It’s safe to say that watchmaking has come a long way since the days in the 17th century when watchmakers to the navy introduced springs to timekeeping mechanisms to compensate for rough sea conditions. This is actually what the first chronometers were used for, long before the first wrist watches that appeared in the 19th century.
But a chronometer and a chronograph are not the same thing. It might seem difficult at first for amateurs to distinguish between the two, as the nuances are subtle. But in reality, their characteristics are very different.
Let’s begin with the definition of a chronometer: an instrument designed to tell time with enough precision to be able to indicate seconds. In order to be classed as a chronometer, a timepiece requires COSC certification (from the Official Swiss Chronometer Testing Institute), which means that 7 criteria have been tested over the course of over two weeks at different atmospheric temperatures and in different situations.
This is completely different to the chronograph, which is a watch with a complication. This means the watch has a specific additional function i.e. an additional system/mechanism. This mechanism is designed to measure time from a specific moment as opposed to telling absolute time.
A chronograph is therefore equipped with one calibre that tells the time and another that can measure shorter periods of time.

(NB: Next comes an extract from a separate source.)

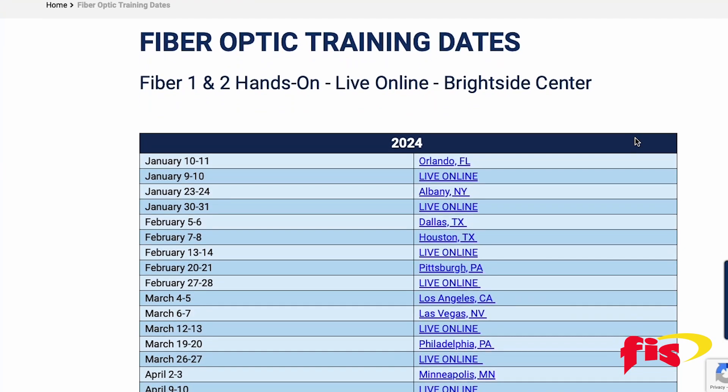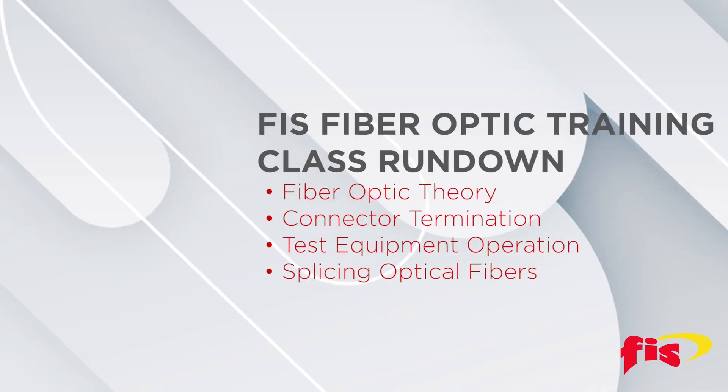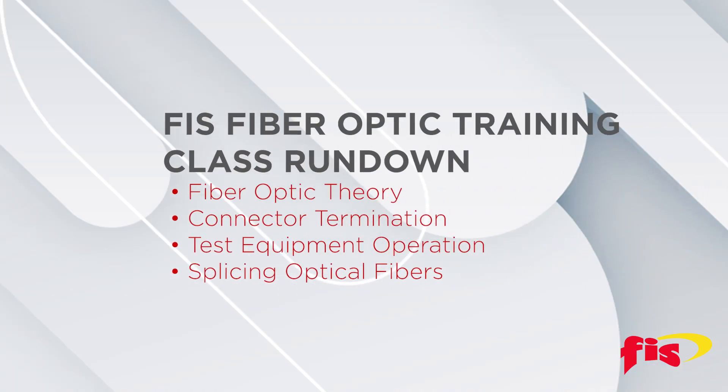Instructors John Bruno and Bob Lecari just released the 2024 schedule. Training will consist of fiber optic theory, connector termination, test equipment operation, and splicing optical fibers.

The hand linked to this additional mechanism is usually located in the centre of the dial. Here’s where things get complicated: a chronograph can also have a stopwatch function, but only if it has the COSC certification mentioned above.

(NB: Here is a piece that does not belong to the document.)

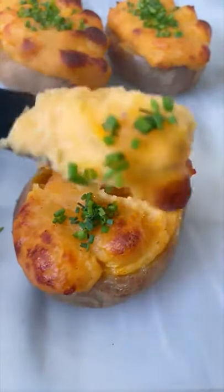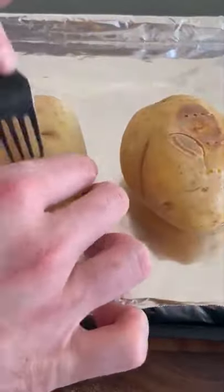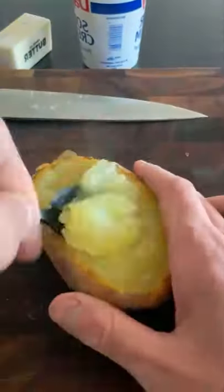Cheesy twice baked potatoes. Pierce a potato with a fork and bake it at 425 for an hour. Let the potato cool, then slice off the top and using a spoon, scoop out the inside.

Generally speaking, discerning horology enthusiasts have a preference for chronographs, in the same way that sport enthusiasts might have a preference for diving or aviation watches. Chronographs are a watchmaking art in their own right. The large family of chronograph amateurs constantly acquires new members, who are attracted by their precision and aesthetic qualities.

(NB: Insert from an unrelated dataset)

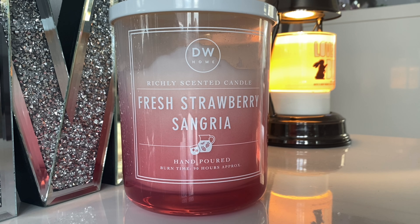Yankee Candle did a strawberry scent which I thought was much better, and I've had wax melts from other brands that do a nicer strawberry. So on this occasion, this one was a waste of money, which makes me really sad. I've ventured into getting a large jar and it's just disappointed me. I can't even use it under my wax warmer in the background because the jar is too big to fit underneath the lamp. I'll probably carry on burning it just because I like the ambiance of a flame.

Often, a chronograph features sub-dials that display the hours and minutes that have elapsed – and sometimes even fractions of a second – for guaranteed visual impact that is striking without being too busy. If one dial displays seconds, for example, the other might display the number of minutes that have elapsed. The counters generally range from 15 to 60 minutes, although most models display 30 minutes.
Another feature is a pusher that can display a precise calculation at the press of a button. But this pusher is much like the tachymeter bezel found on many watches: few people know how to use it for its primary function, which is to measure the average speed of an object over a specific distance.
Nevertheless, many appreciate these features for their elegant appearance and the fact that they give the impression that the wearer is a true watch enthusiast – without knowing they are wearing a range finder or heart rate monitor on their wrist, for example, which are also featured on certain chronograph watch models. The specificity of their features makes them somewhat irrelevant in our modern society in which anything can be calculated by a computer in a fraction of a second.
But wearing a chronograph is more than about just owning a watch. It’s about owning a piece of the history of horology. These are usually fine, sleek mechanisms, that are more difficult to use and maintain than diving watches but so much more elegant. This is partly what justifies the difference in price between these and other complications, such as those featured on diving watches. Above all, the beauty of a watch and the complexity of its mechanism are some of the main criteria to take into account when choosing a watch.